What is required: An exact transcription is needed, starting at the line containing "Peanut Coleman tweet media" and running through the last line of the records, with every picture left out.

=== Section Start ===

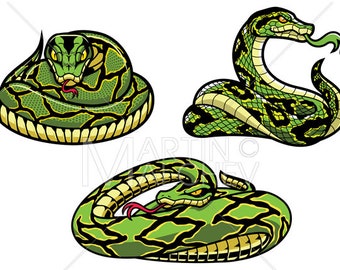 Snakes On White Vector Illustration, attack, ready, venom, curled, viper, predator, reptile, dangerous, deadly, venomous, green, black,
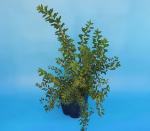 Саженец Спирея Сноумаунд (С3)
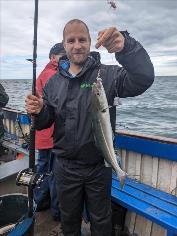 1 lb 6 oz Coalfish (Coley/Saithe) by Unknown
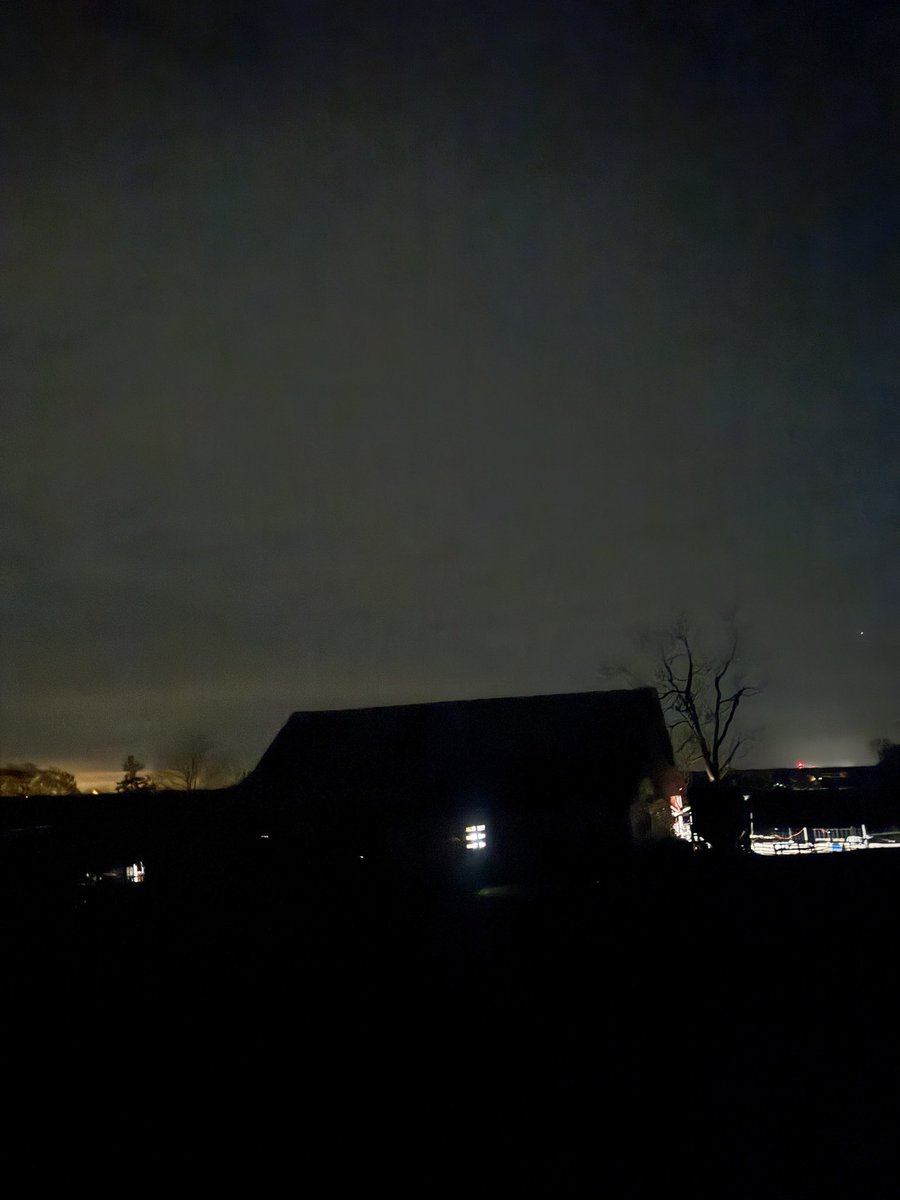 Peanut Coleman tweet media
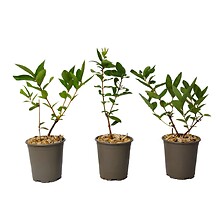 PLANT IN A BOX Lonicera kamtchatica - Set de 3 - Myrtille - Pot 9cm - Hauteu ...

=== Section End ===

Finished task:
 Peanut Coleman tweet media
 PLANT IN A BOX Lonicera kamtchatica - Set de 3 - Myrtille - Pot 9cm - Hauteu ...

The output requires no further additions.